[Records from a data source]
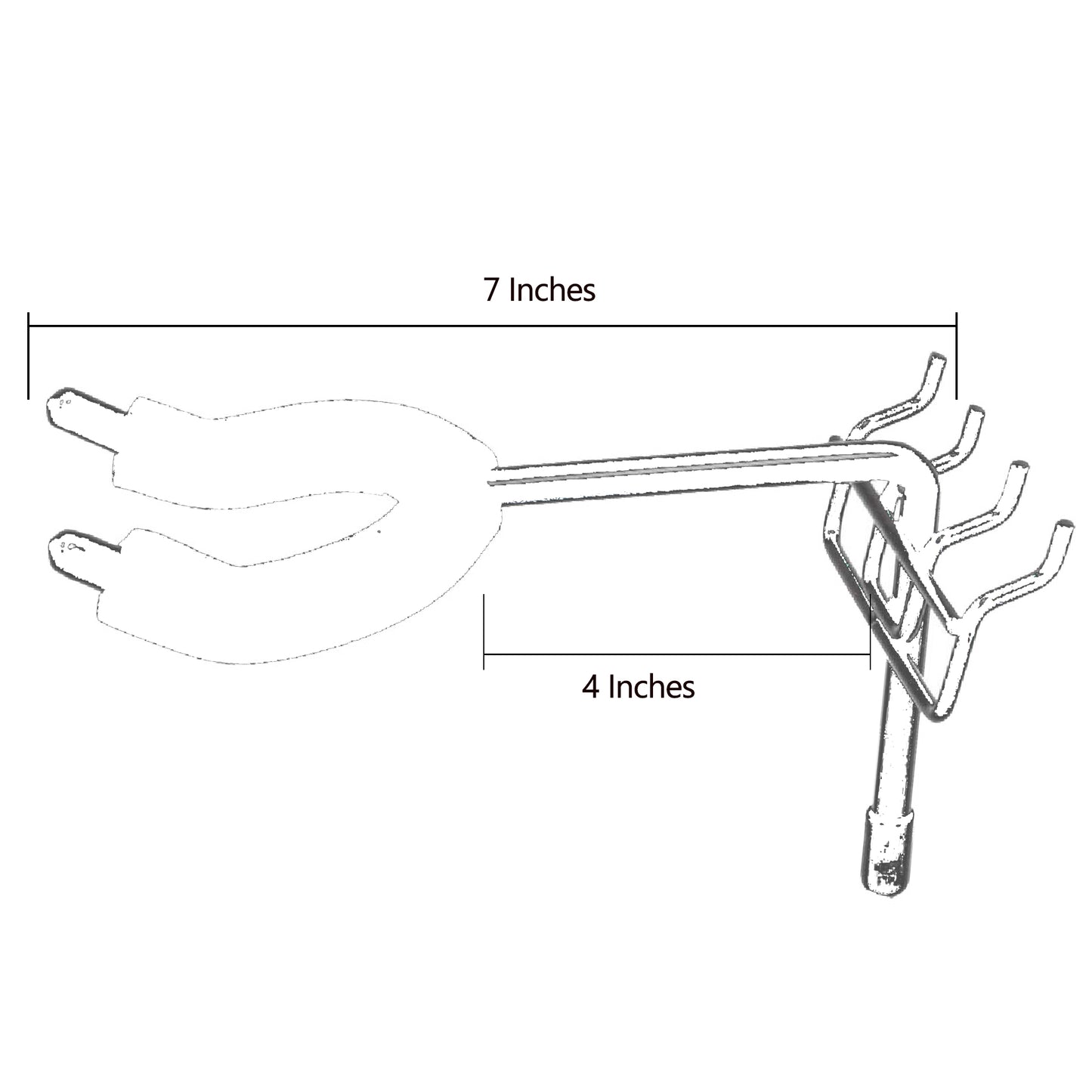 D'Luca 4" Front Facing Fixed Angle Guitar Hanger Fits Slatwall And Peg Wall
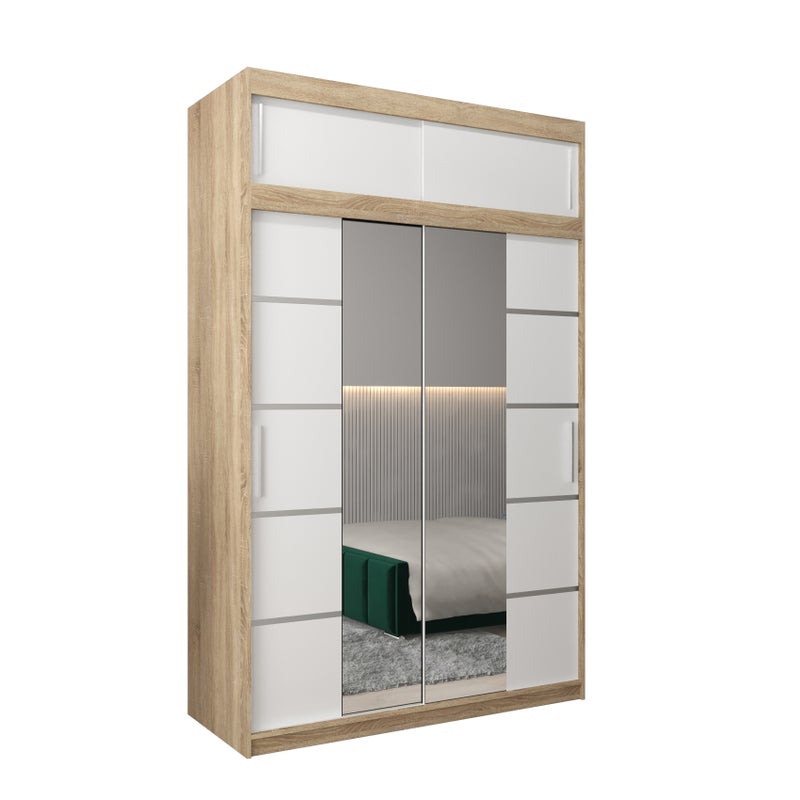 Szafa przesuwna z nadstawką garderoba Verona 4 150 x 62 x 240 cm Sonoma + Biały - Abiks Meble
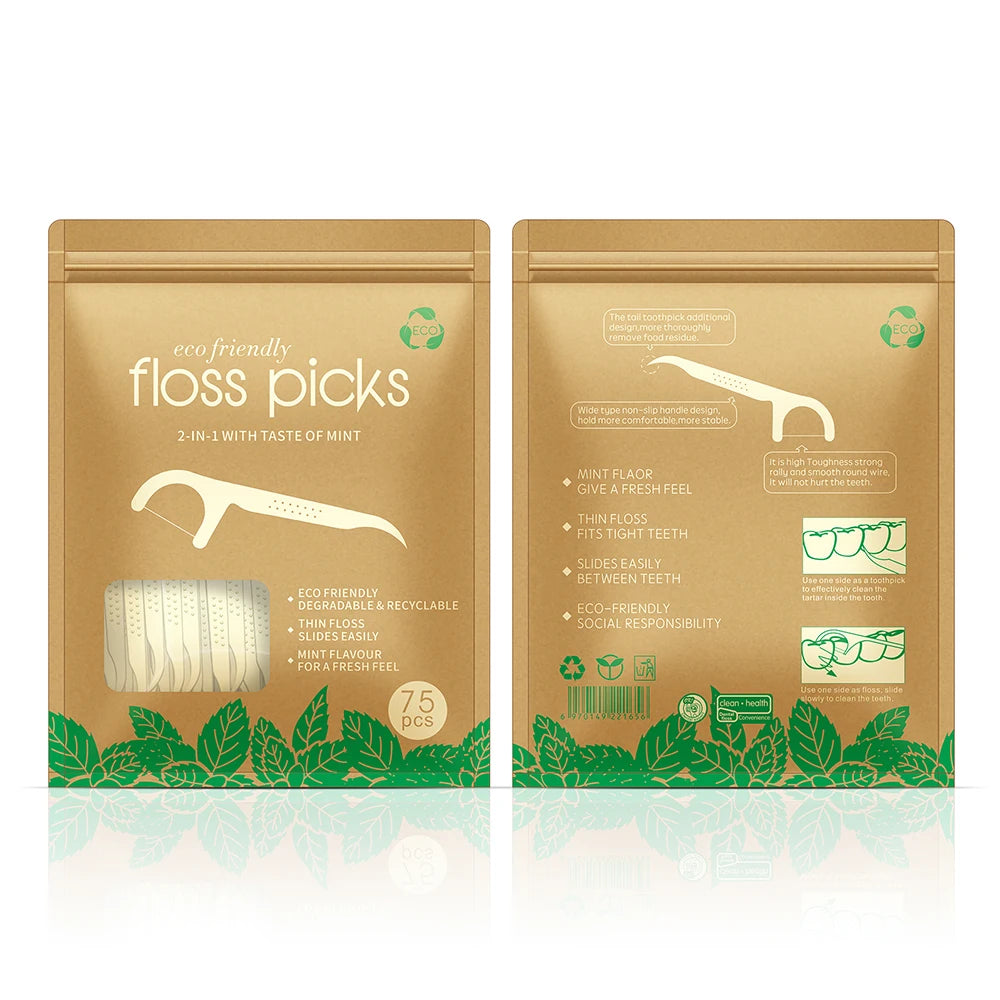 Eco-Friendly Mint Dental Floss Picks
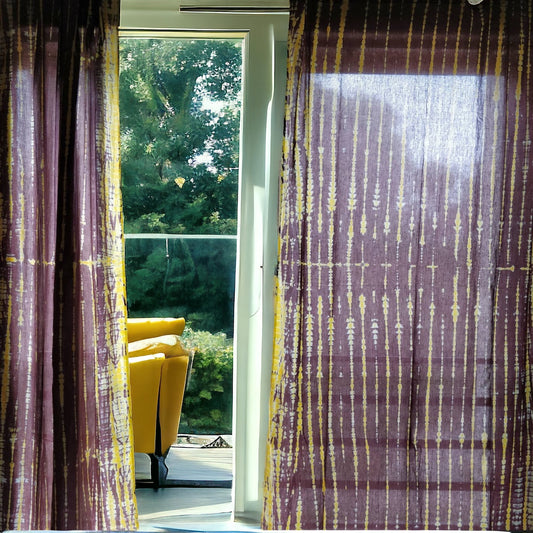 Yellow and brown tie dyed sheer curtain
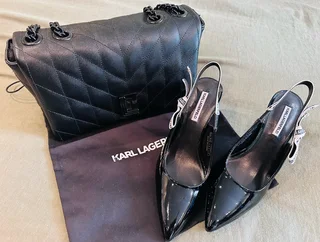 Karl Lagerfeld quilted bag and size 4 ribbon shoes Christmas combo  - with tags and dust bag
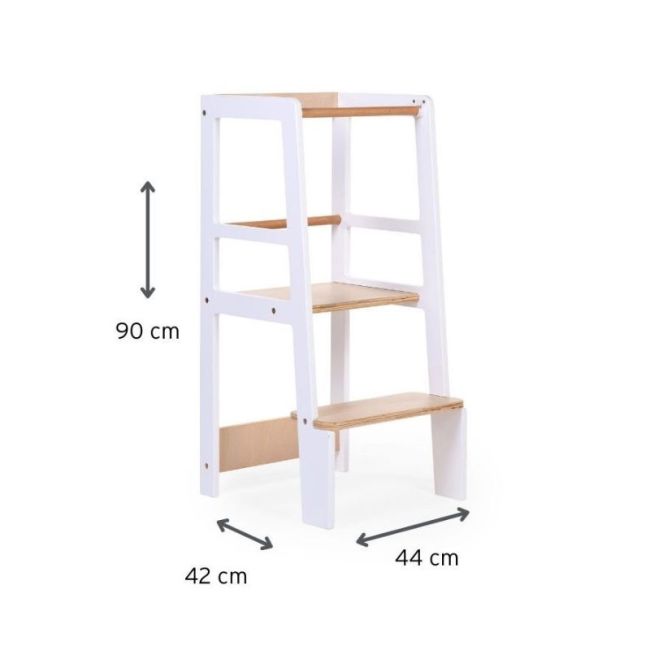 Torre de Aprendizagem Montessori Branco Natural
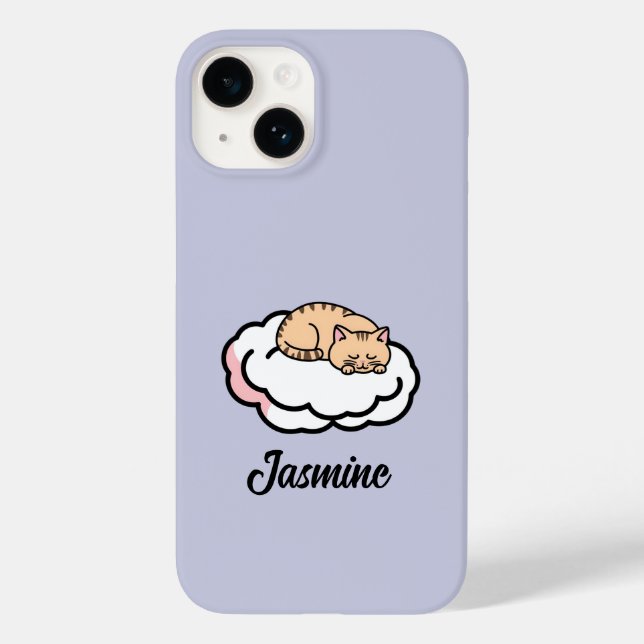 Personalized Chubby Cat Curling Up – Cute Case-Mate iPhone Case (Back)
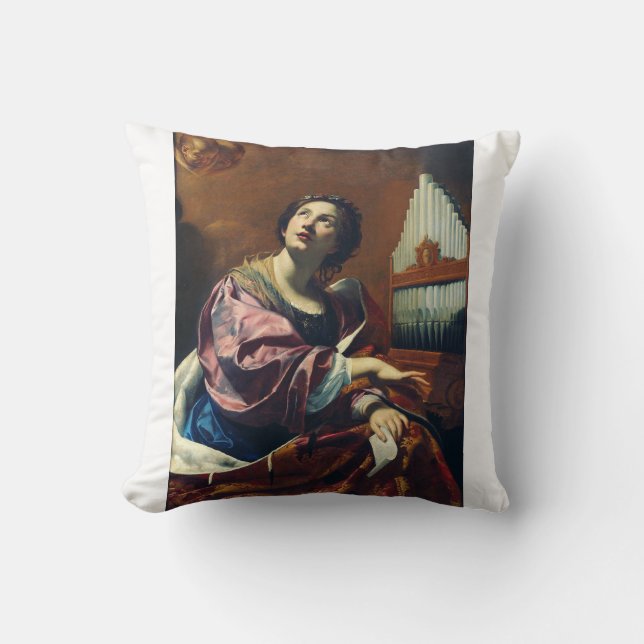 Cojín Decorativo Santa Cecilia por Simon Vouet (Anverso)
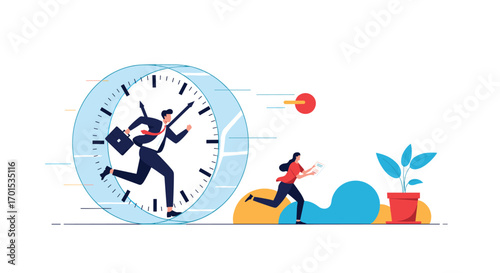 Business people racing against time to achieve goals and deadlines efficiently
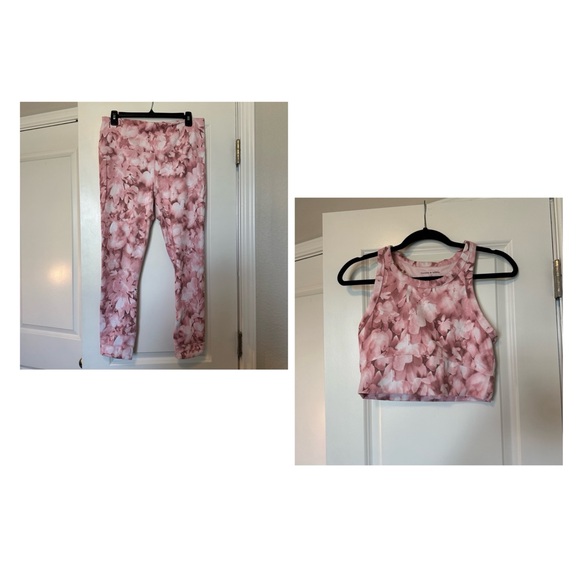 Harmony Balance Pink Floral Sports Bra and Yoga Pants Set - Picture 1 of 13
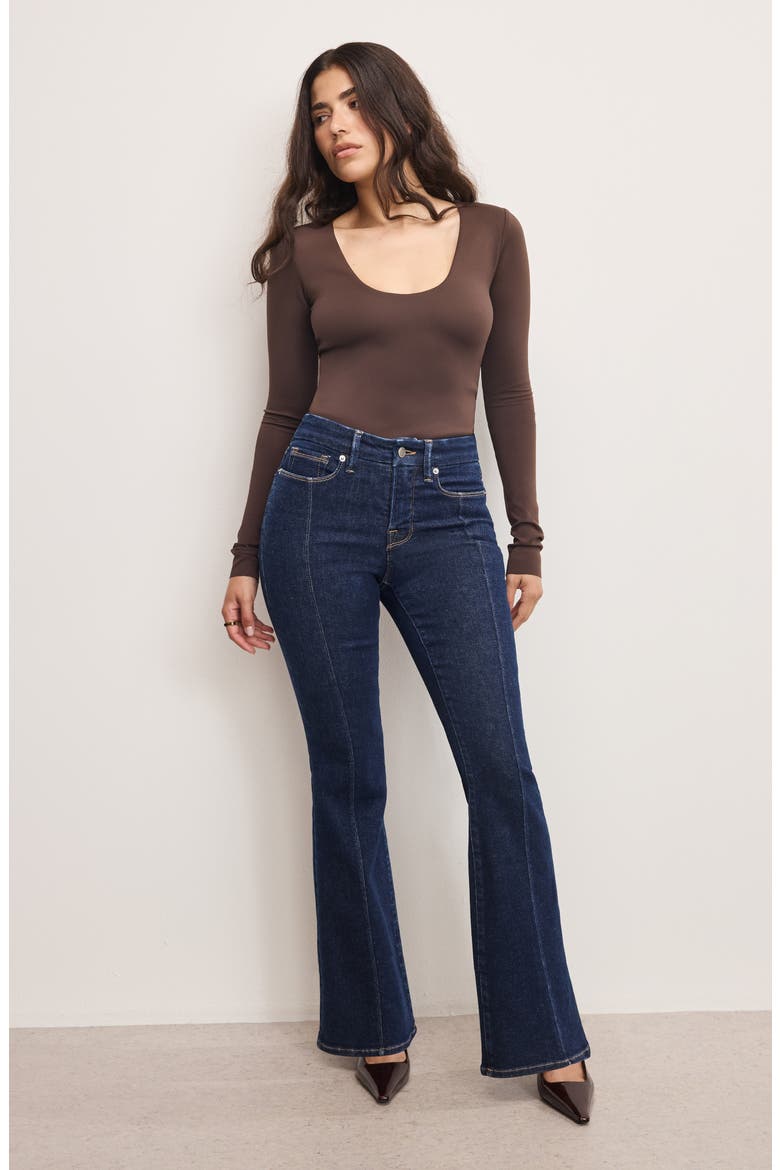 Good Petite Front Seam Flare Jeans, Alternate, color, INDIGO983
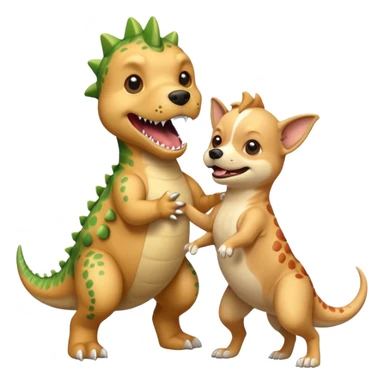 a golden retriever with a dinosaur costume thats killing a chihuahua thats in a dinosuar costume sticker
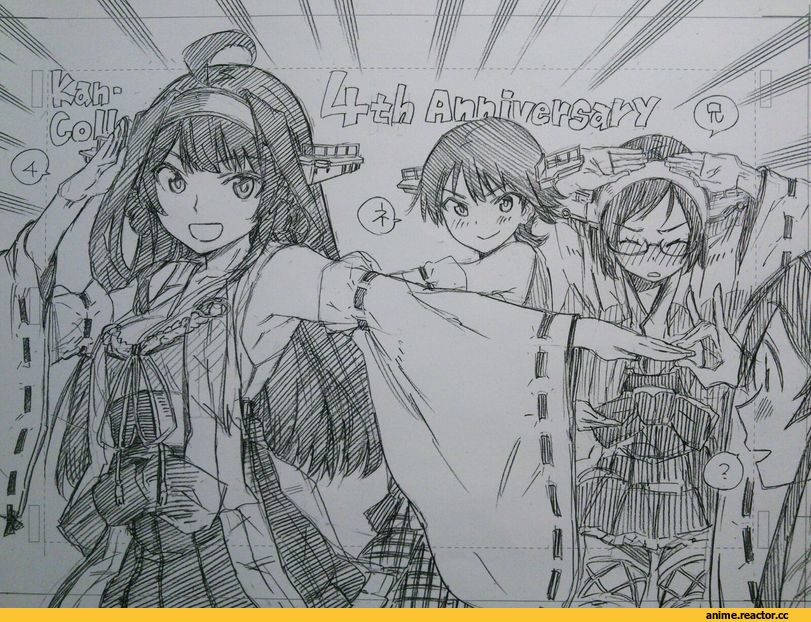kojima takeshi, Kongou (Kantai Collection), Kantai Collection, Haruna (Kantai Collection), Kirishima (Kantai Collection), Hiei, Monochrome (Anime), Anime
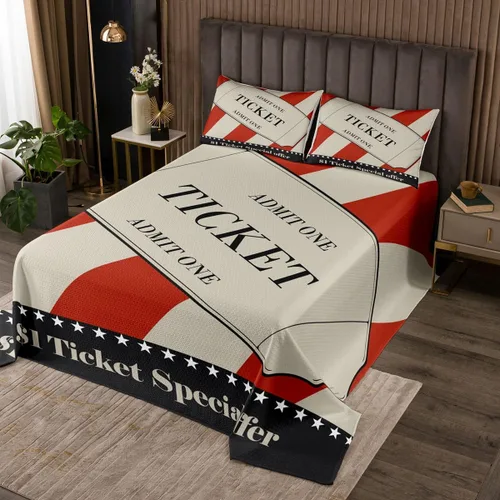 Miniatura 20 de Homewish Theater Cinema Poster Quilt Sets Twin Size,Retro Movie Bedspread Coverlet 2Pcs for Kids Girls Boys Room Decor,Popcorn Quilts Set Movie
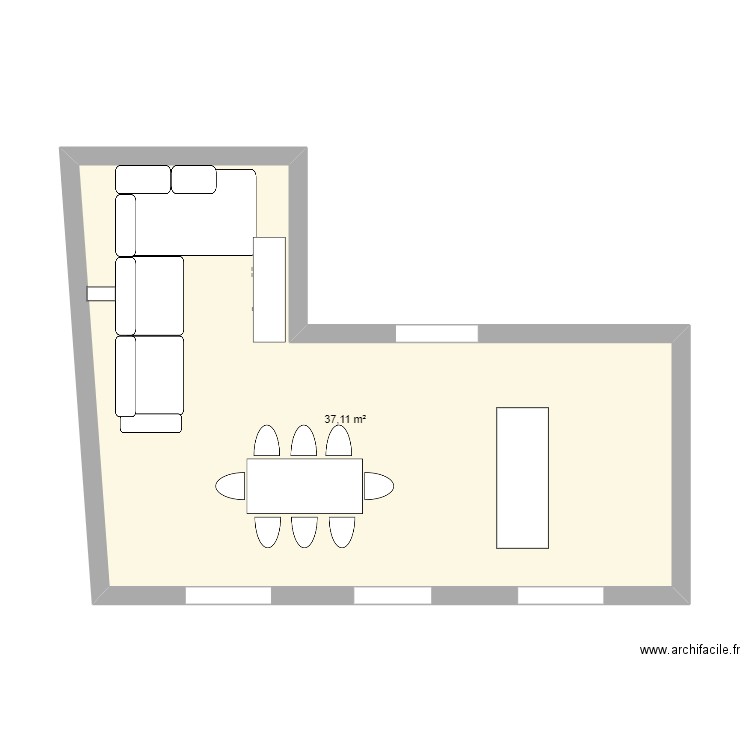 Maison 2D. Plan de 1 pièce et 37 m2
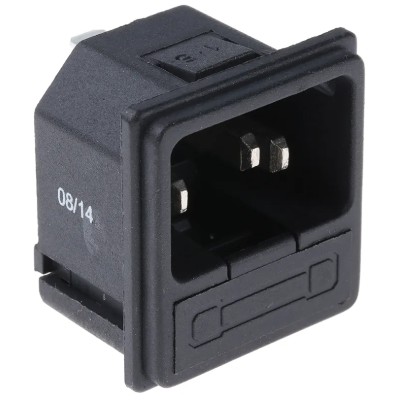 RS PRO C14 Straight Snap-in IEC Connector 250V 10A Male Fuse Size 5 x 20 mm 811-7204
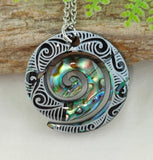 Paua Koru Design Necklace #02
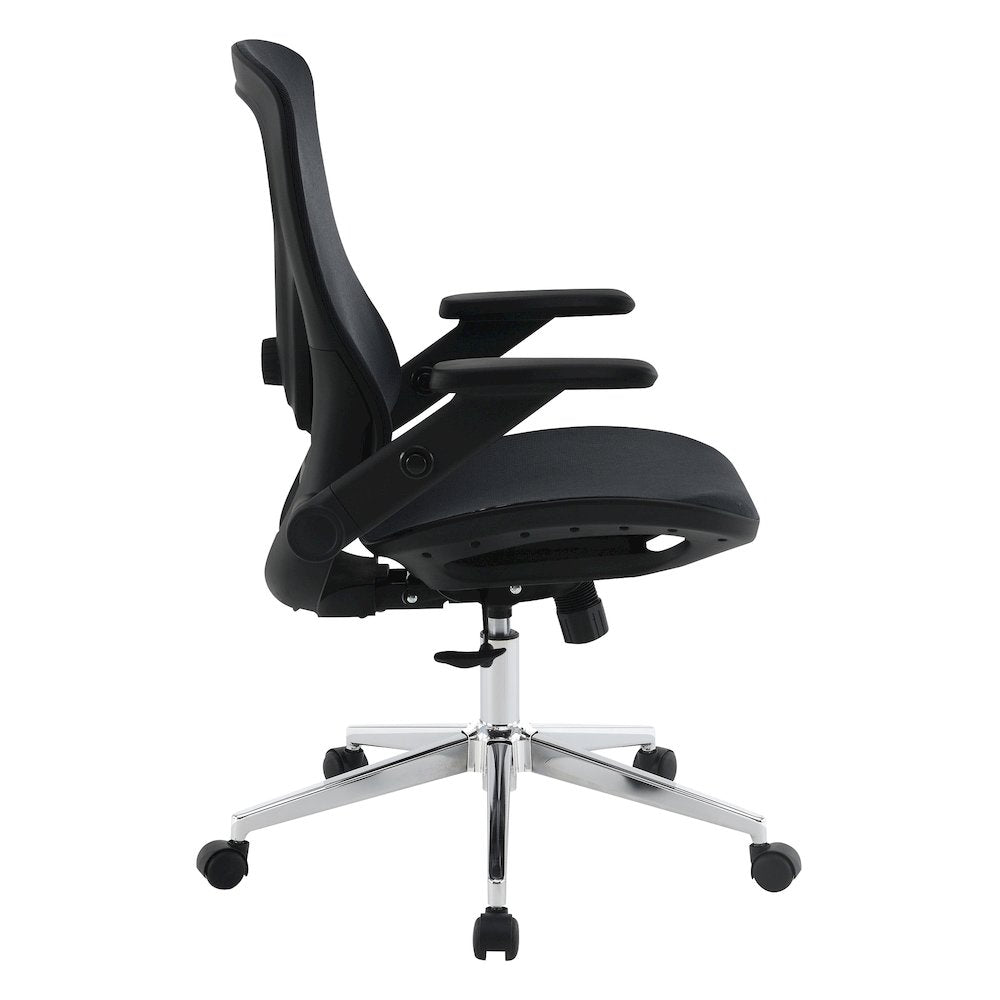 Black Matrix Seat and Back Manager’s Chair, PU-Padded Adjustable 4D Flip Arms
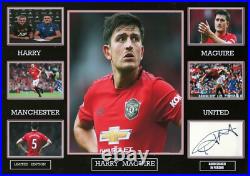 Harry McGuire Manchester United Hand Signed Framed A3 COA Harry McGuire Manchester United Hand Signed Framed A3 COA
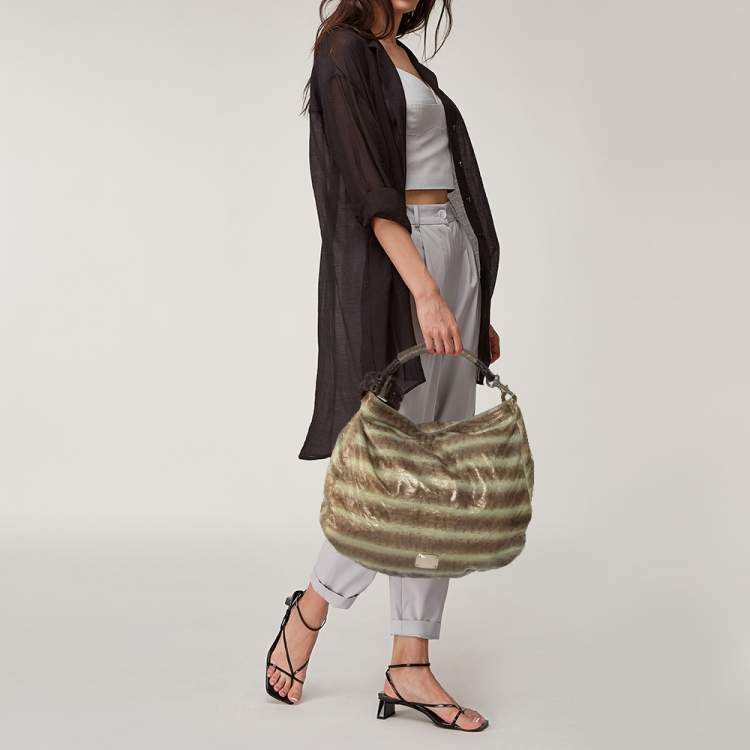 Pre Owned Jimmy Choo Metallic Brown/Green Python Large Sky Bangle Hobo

What is required: Print all the entries exactly as they appear, without the pictures.

Solution for this problem:
 D'Luca 4" Front Facing Fixed Angle Guitar Hanger Fits Slatwall And Peg Wall
 Szafa przesuwna z nadstawką garderoba Verona 4 150 x 62 x 240 cm Sonoma + Biały - Abiks Meble
 Eco-Friendly Mint Dental Floss Picks
 Yellow and brown tie dyed sheer curtain
 Karl Lagerfeld quilted bag and size 4 ribbon shoes Christmas combo  - with tags and dust bag
 Torre de Aprendizagem Montessori Branco Natural
 Personalized Chubby Cat Curling Up – Cute Case-Mate iPhone Case (Back)
 Cojín Decorativo Santa Cecilia por Simon Vouet (Anverso)
 Business people racing against time to achieve goals and deadlines efficiently
 Harmony Balance Pink Floral Sports Bra and Yoga Pants Set - Picture 1 of 13
 Good Petite Front Seam Flare Jeans, Alternate, color, INDIGO983
 a golden retriever with a dinosaur costume thats killing a chihuahua thats in a dinosuar costume sticker
kojima takeshi, Kongou (Kantai Collection), Kantai Collection, Haruna (Kantai Collection), Kirishima (Kantai Collection), Hiei, Monochrome (Anime), Anime
 Miniatura 20 de Homewish Theater Cinema Poster Quilt Sets Twin Size,Retro Movie Bedspread Coverlet 2Pcs for Kids Girls Boys Room Decor,Popcorn Quilts Set Movie
 Maison 2D. Plan de 1 pièce et 37 m2
 RS PRO C14 Straight Snap-in IEC Connector 250V 10A Male Fuse Size 5 x 20 mm 811-7204
 Paua Koru Design Necklace #02
 Black Matrix Seat and Back Manager’s Chair, PU-Padded Adjustable 4D Flip Arms
 Harry McGuire Manchester United Hand Signed Framed A3 COA Harry McGuire Manchester United Hand Signed Framed A3 COA
 Pre Owned Jimmy Choo Metallic Brown/Green Python Large Sky Bangle Hobo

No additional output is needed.